Ora, la nebbia clausewitziana è frutto sia della natura della guerra che delle misure dei comandanti, tutte volte a non far capire al nemico i propri piani e obiettivi. Perché, a conoscerli, è facile prendere le contromisure. Non occorre aver fatto la scuola di guerra: basta ricordare l’Aida, quando Amonasro cerca di carpire, tramite la figlia, i piani di Radamès. Nella storia militare vi sono poi dei casi clamorosi di “depistaggio”, fornendo false (ma credibili) informazioni. Uno dei quali – talmente noto che è stato realizzato un film – consistente nel confondere i tedeschi sul luogo dove sarebbe avvenuto lo sbarco degli alleati nel 1944. I servizi inglesi lo prepararono così accuratamente da trarre in inganno Adolf Hitler – anche a sbarco avvenuto in Normandia – convinto che ce ne sarebbe stato un secondo a Calais.
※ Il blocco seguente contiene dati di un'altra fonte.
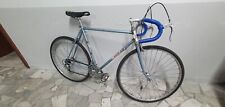 Bici bianchi epoca usato  Grumo Nevano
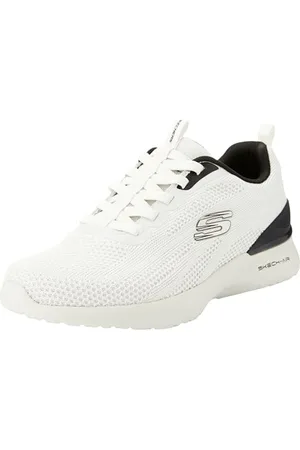 Skechers Skech-Air Dynamight Paterno, Sneaker Uomo, , 40 EU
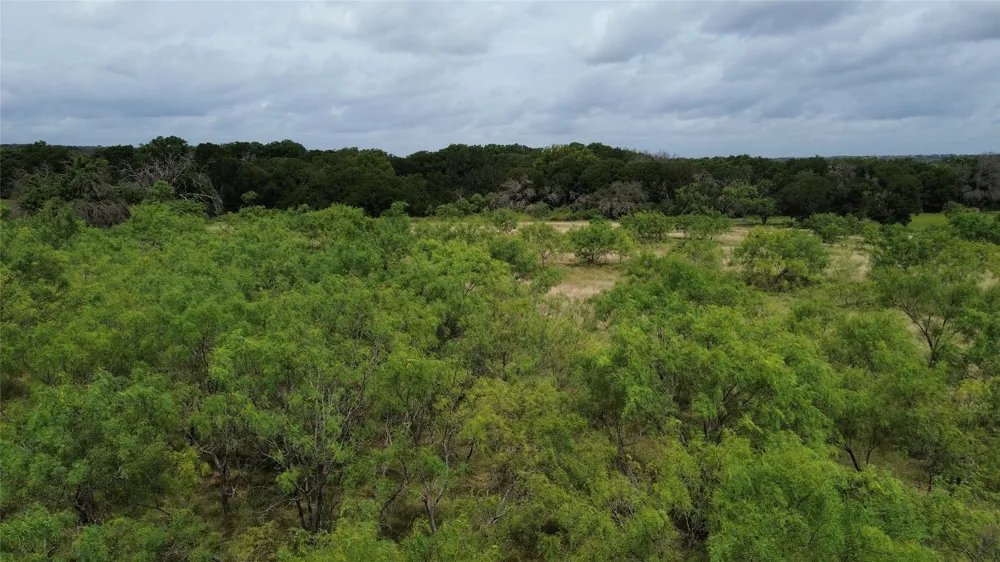 CR 248 A Comanche, TX 76442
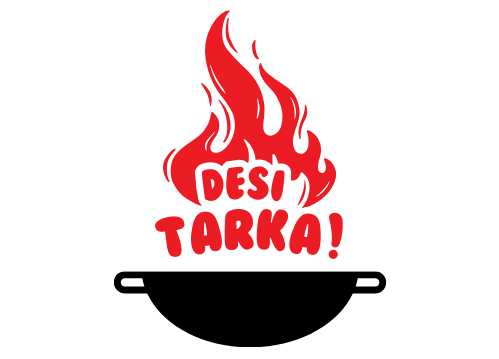DESI Tarka!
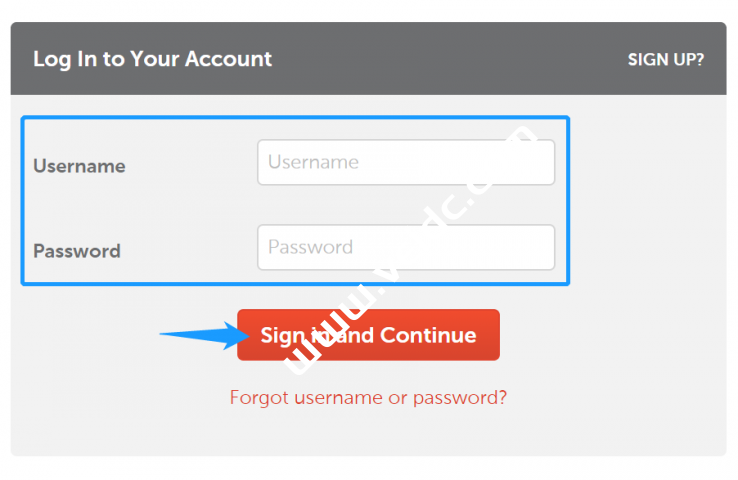 Namecheap域名如何解析？Namecheap域名更改DNS教程-国外主机测评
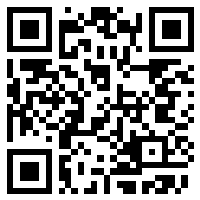QR Code for 13v2MFi1djVSoLSXSzw4954SYGDBF91w41
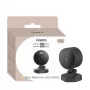 Valvontakamera Aqara SMART HOME G100 KAMERA/MUSTA CH-C08D-B
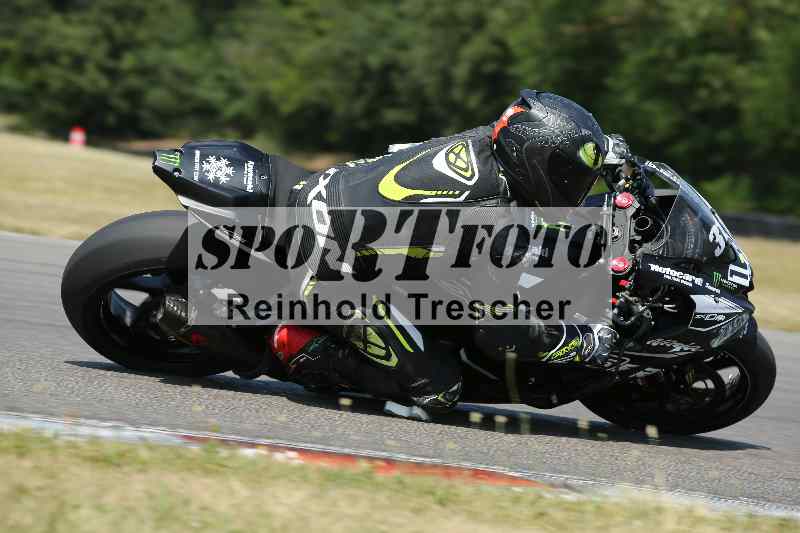 /Archiv-2023/28 05.06.2023 Moto Club Anneau du Rhin/rouge-expert/19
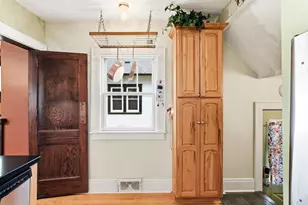 4037 21st Ave S, Minneapolis, MN 55407 - Photo 14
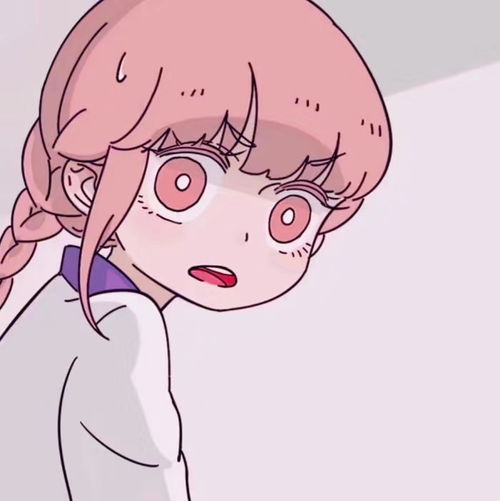 0603动漫女头欣赏不来别人视若珍宝的该保持沉默.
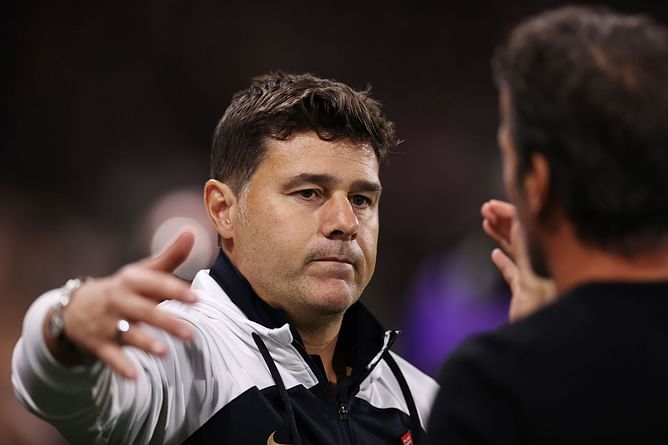 Chelsea Transfer News Roundup: Blues receive Santiago Gimenez boost, club want new defender in 2024, and more - October 30, 2023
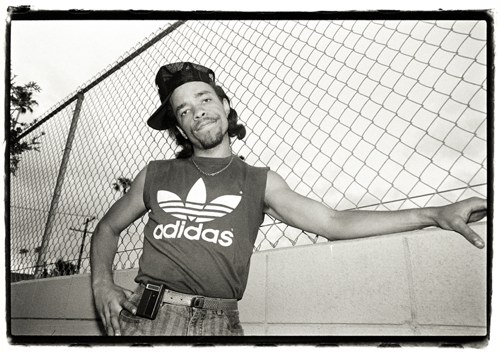 ice-t-glen-e-friedman.jpg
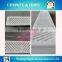 Virgin Wearable UHMWPE suction box cover/dewatering elements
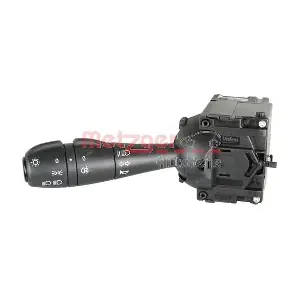 0916527 METZGER AUTOTEILE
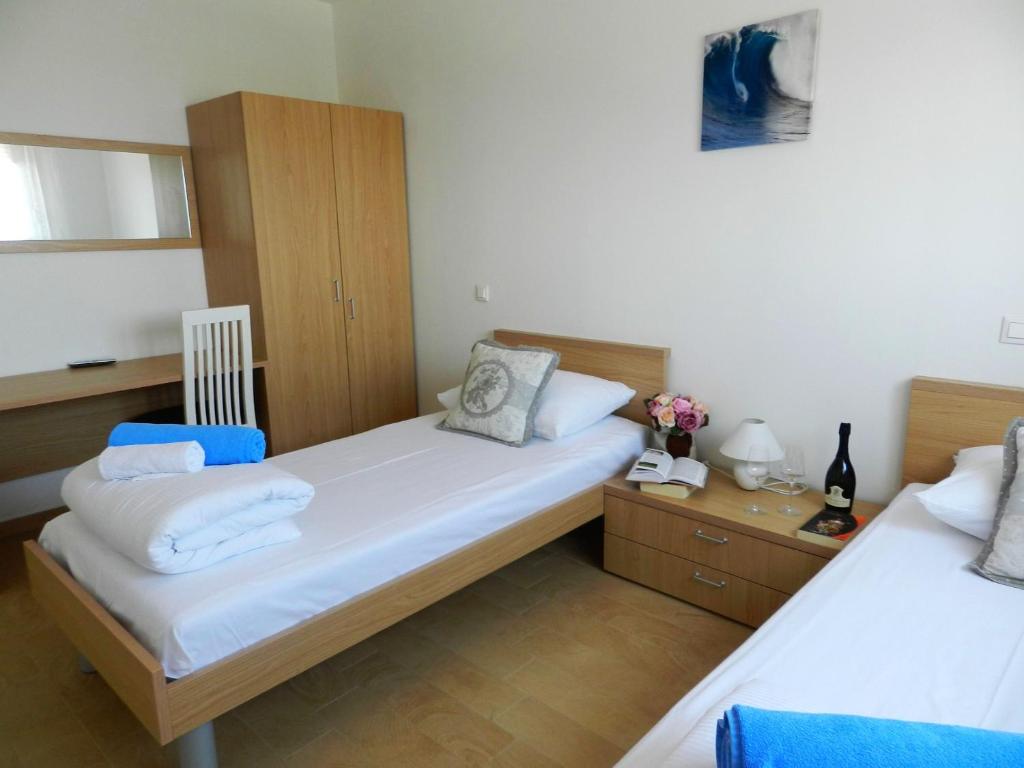 VILLA-AMBER-YourCroatiaHoliday-2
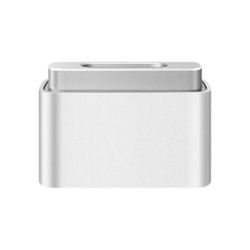 Apple MagSafe / MagSafe 2 Wit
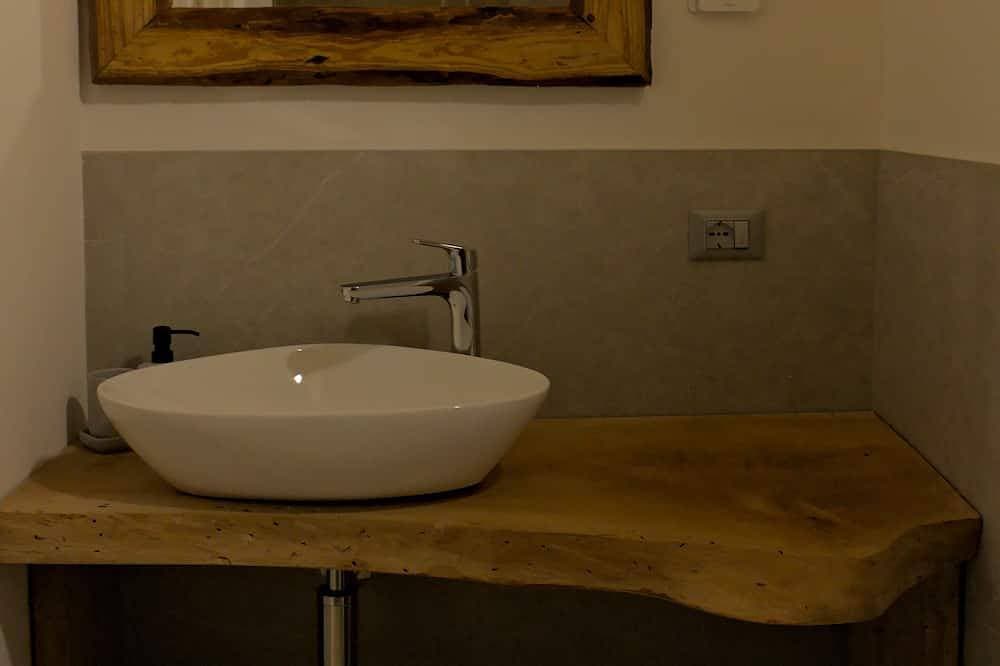 Foto 10 von 25: Profumo di Legno - Codice Cipat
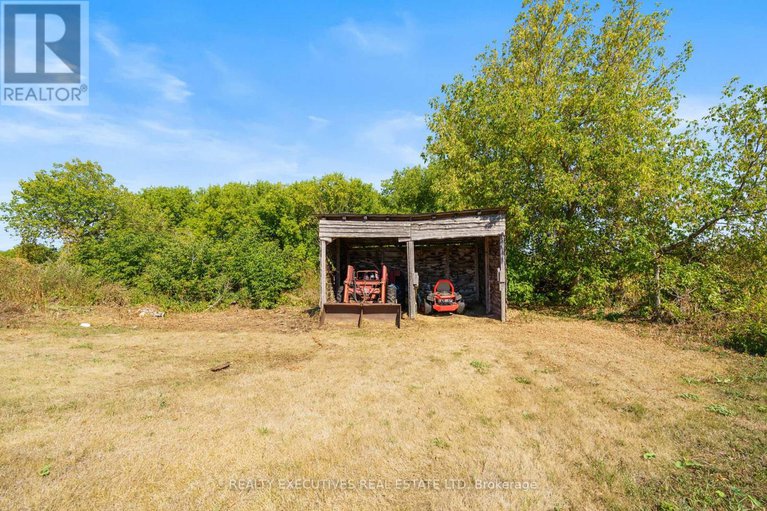 28776081/12705-maple-ridge-road/north-dundas-winchester-twp/north-dundas/ontario/K0C2K0_41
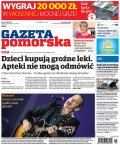 Gazeta Pomorska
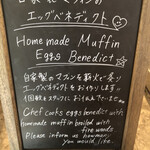 User's review image for 三井ガーデンホテル 神宮外苑の杜プレミア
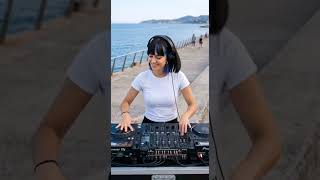don't skip the beat 🎧 #edmmix #musicmix2026 #dj #musicmix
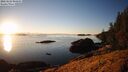 ./images/quadra/tower/20260622/tower20260622_055501M.jpg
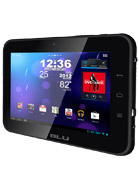 BLU Touch Book 7.0 Lite
MORE PICTURES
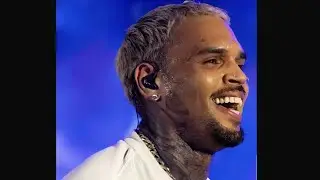 Chris Brown x Tory Laenz Type Beat– “Perfect Pitch” | R&B Type Beat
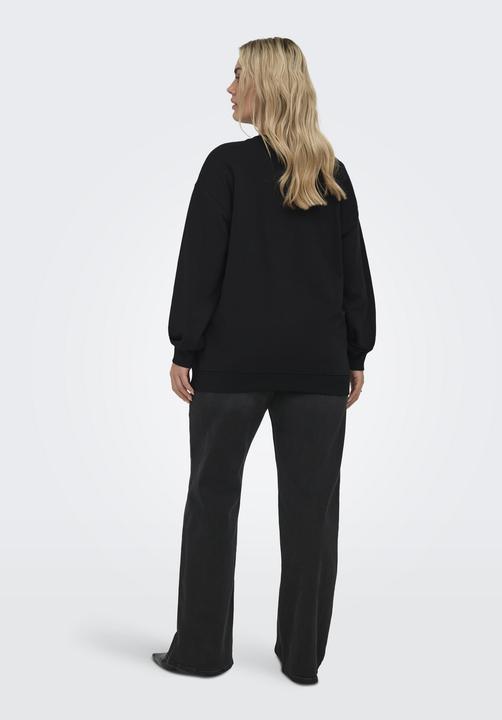 Produktbild Only CARTIMONE Sweatshirt Sweatshirt (S)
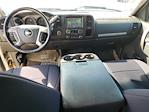 2012 Chevrolet Silverado 1500 Crew Cab 4x4 Pickup for sale #US1621 - photo 17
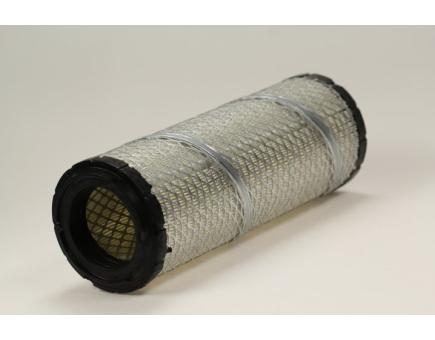 FIL Luftfilterelement HP2588A 
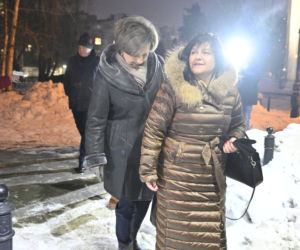 PiS rusza na wyjazdowe posiedzenie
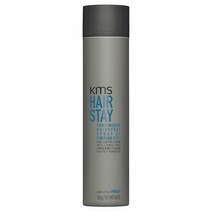 KMS HAIRSTAY 펌 피니싱 스프레이 8.8온스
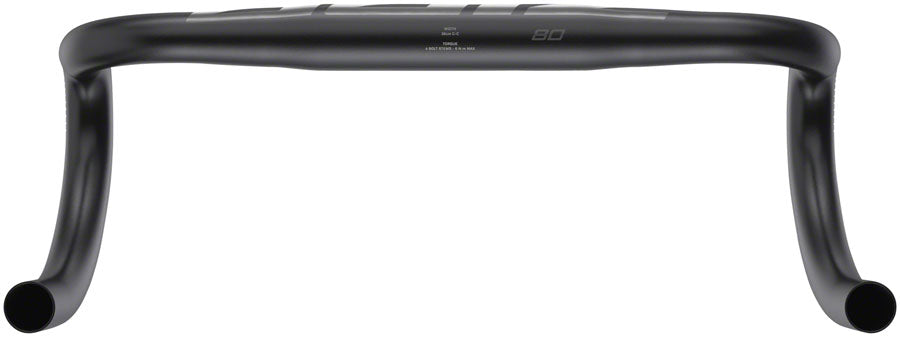 Zipp Service Course SL-80 Drop Handlebar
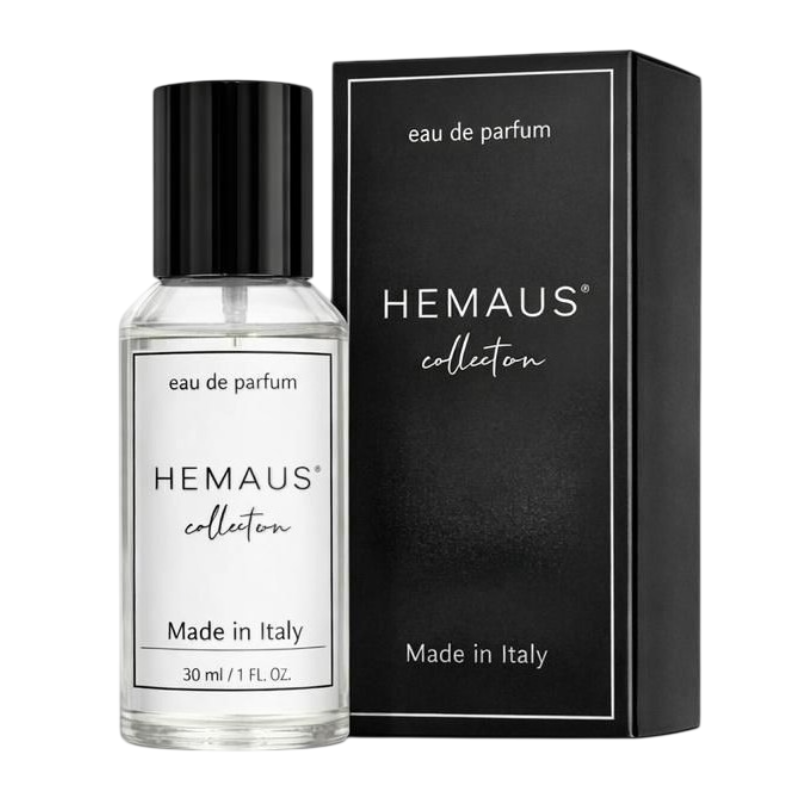 Profumo Donna 160 Equivalente di Alta Qualità 30ml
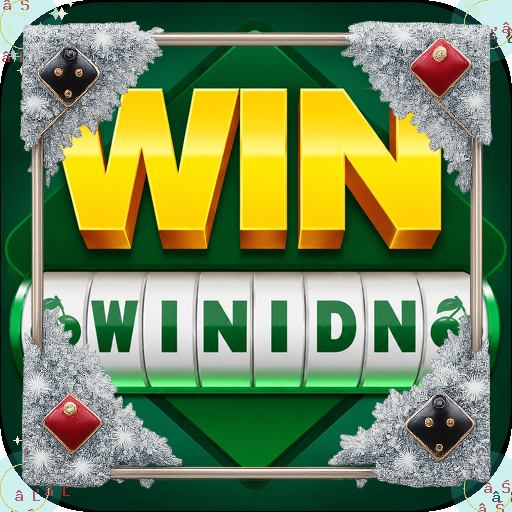 winidn — galeri pratinjau Resmi APK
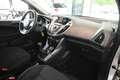 Ford B-Max 1.0 EcoBoost Trend Airco Elektrisch pakket Licht m Grijs - thumbnail 26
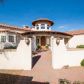 11141 N Pusch Ridge Vistas, Tucson, AZ 85737 ID:3484099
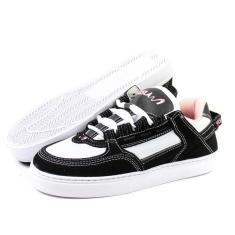 Imagem de Tênis Tesla Coil Black Rose-Masculino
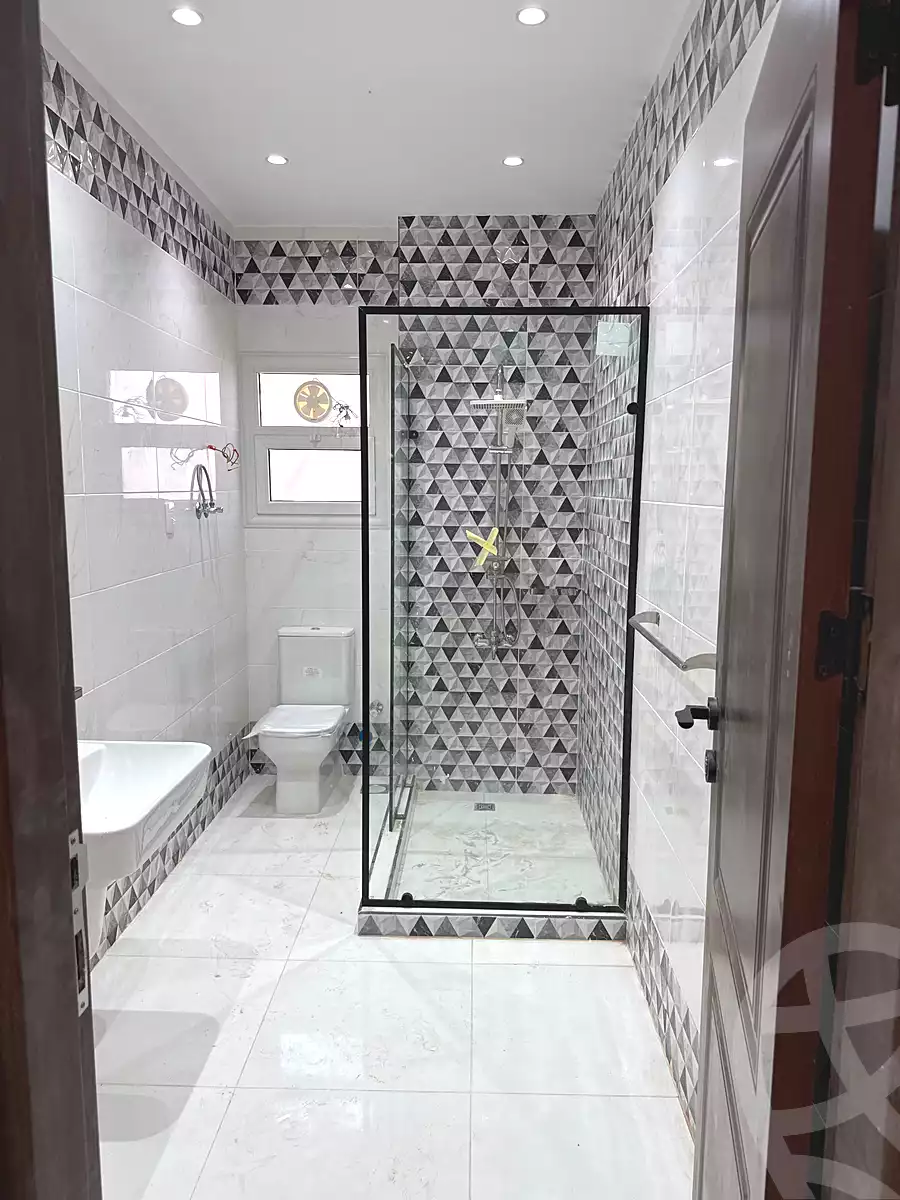 https://aqarmap.com.eg/ar/listing/7340274-for-sale-cairo-new-cairo-el-lotus-lotus-north-lmntq-lthny-llwts-lshmly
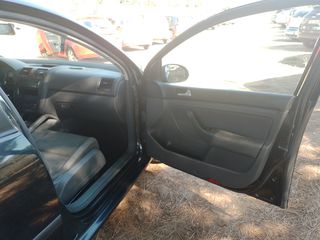 Volkswagen Golf 2007 1.4-thumb-10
La conseguenza logica non è solo che se uno dei contendenti ti dice che attaccherà a Charkiv invece che a Kiev, sicuramente non attaccherà Charkiv, probabilmente neppure Kiev bensì da un’altra parte, dove meno è atteso; ma anche che le informazioni più credibili sono quelle che non sono diffuse. I (falsi) piani dello sbarco in Francia furono messi dagli 007 inglesi sul cadavere di un ufficiale britannico fatto ritrovare agli spagnoli (e quindi dai tedeschi), e non pubblicati sul Times; se li avesse letti sul giornale, Hitler avrebbe creduto a un espediente dell’Intelligence Service.
C’è da chiedersi per quale ragione la comunicazione mainstream è così lontana da una rappresentazione credibile (e coerente) della situazione. Perché se le notizie fuorvianti sono fornite – come in gran parte sono – dagli uffici dei belligeranti (e dei loro alleati) sarebbe il caso di citarne la fonte (almeno) e, in certi casi di scrivere due righe di commento. Cosa che qualche rara volta avviene, ma quasi sempre no. Escluso che tali mezzi possano trarre in inganno il nemico, per la loro disarmante ingenuità, occorre individuare altri obiettivi. Un analista attento come Pietro Baroni definisce la “guerra psicologica” come “l’insieme delle operazioni, delle azioni, delle iniziative tendenti a conseguire l’obiettivo di assumere e mantenere il controllo di grandi strati di masse e di pilotarne le opinioni, i giudizi e le conseguenti manifestazioni, agendo sulla ricettività istintiva, sull’emotività e sul processo formativo delle valutazioni”. Nel caso, gli obiettivi non sono Vladimir Putin o Volodymyr Zelensky, ma l’opinione pubblica, occidentale soprattutto. Dalla quale occorre far approvare le misure a favore dell’Ucraina, in modo da attenuare l’onere dei sacrifici e dei rischi che comportano.
A tal fine, è necessario rappresentare la situazione bellica in modo conforme agli scopi da raggiungere. E il divario tra ciò che è e ciò che si rappresenta è l’inganno e la simulazione occorrente.